Excellent review... you caught so much in the movie and are able to analyze in such a beautiful manner. Interesting that the movie speaks to us all in different ways; for me, it was all about opening eyes to children. Not so for all. It is how our God works, though, is it not?

Thanks for the link to Paradoxuganda. I'm excited to get to know that family, too!

I always know that you will bring the intellectual food over here at your blog. Thanks for that!

Mrs. Edwards said...

Perhaps because I already knew of the reality of slums such as the one in Mumbai it didn't hit me so much that way? Hopefully it isn't a sign of a hard heart.

Since writing this post someone mentioned to me that the children that acted in Slumdog were actually slum children and were essentially returned to the slum by the crew. A public outcry pressured the producers to do more for them, later, however. I haven't verified that, but it doesn't surprise me.

If I manage to bring any intellectual food it has to be the Spirit of God, for which I praise Him!

Thanks, Laura.

Sharon said...

We haven't yet seen this, either. We saw "Gran Torino" instead, the one night in those months we could organise a babysitter. The characters have a similar situation to deal with to that in "Slumdog Millionaire": the plight of people whose lives are constrained by their socioeconomic circumstances.

Interestingly, "Gran Torino" doesn't stop with the problem, but offers a solution. The Christian overtones are overt - but not overwrought -particularly in the positioning of actors in the post-climactic scene. (I don't want to give the ending away, if you haven't seen the movie.) I highly recommend it - "Gran Torino" is far more intriguing than the standard gangsta film.

~ Sharon

Mrs. Edwards said...

Thanks to my parents, Mr. Edwards and I have had a weekly date night this summer. We've beat a steady path to take-out restaurants (to save money on drinks) and rented movies, enjoying the whole house to ourselves since the kids sleep over at my parents' house.
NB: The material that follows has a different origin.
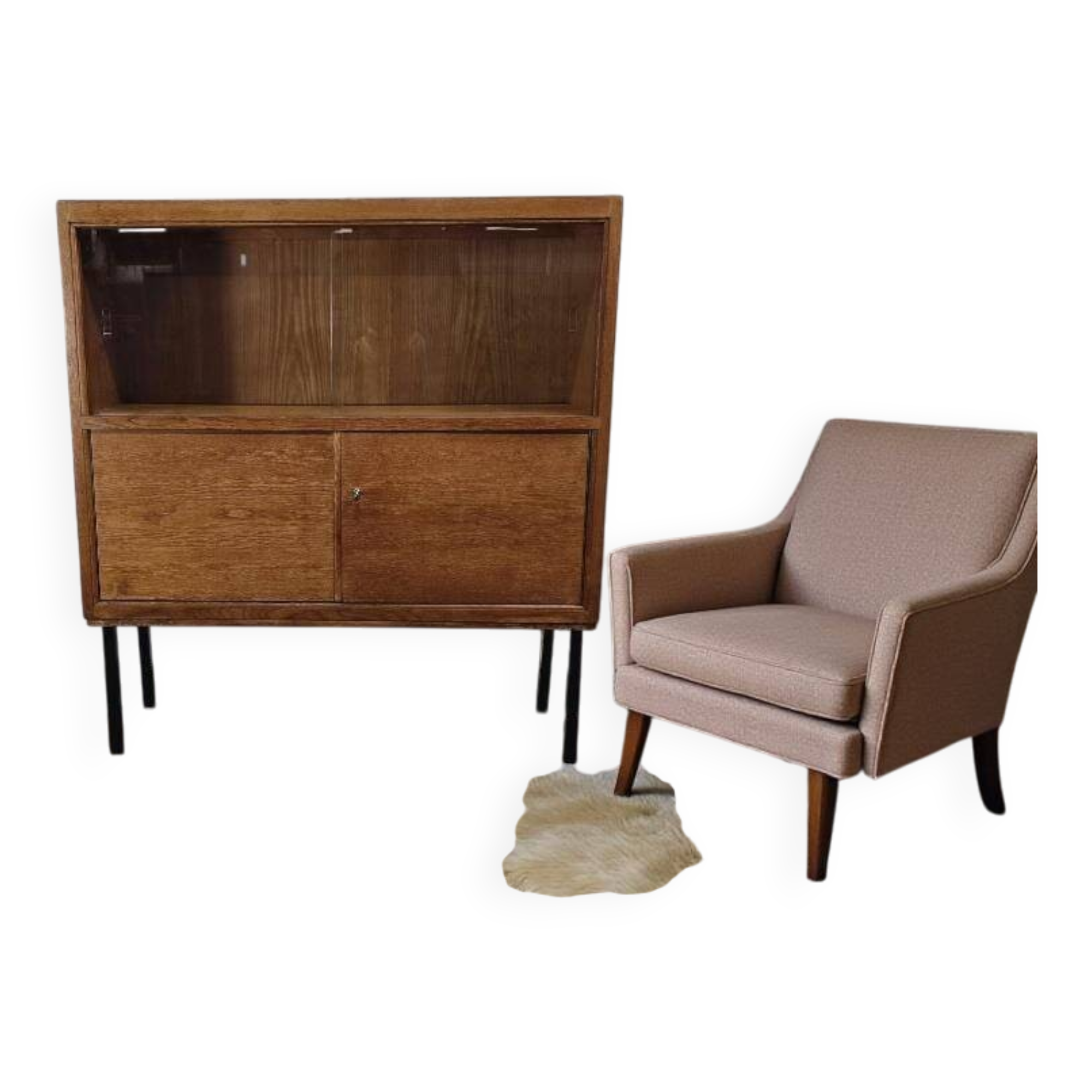 Vitrine / meuble bar / armoire vintage en bois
Last night we selected "Gran Torino." I have to say that the wit and unexpected funniness distracted me from the relentless profanity and slurs (I heard insults I never knew before!). The clash of cultures and generations seemed more real than caricature, which was refreshing.

I found it very sad to realize that the "western civ" family offspring was so disrespectful to elders...And the whole gang tangle is so depressing, and pretty real I think.

Yes, the redemptive actions of Walt seemed to be the only workable solution--amazing to see Thao as the chosen son, the adopted son, grafted in, the one that was "bought with a price." And the one that loved because he was loved.

Thanks for the tip.

Sharon said...

You are welcome.

I think with the swearing thing, I tend to be very offended by it initially, then work to block it out of my mind. Then when I think back to the story, I don't remember the swearing because I have tried so hard not to take it in; but I remembered the story, because that was what impressed me. I will have to remember this tendency of mine when I am recommending things in future, because I know profanity is not appreciated by many.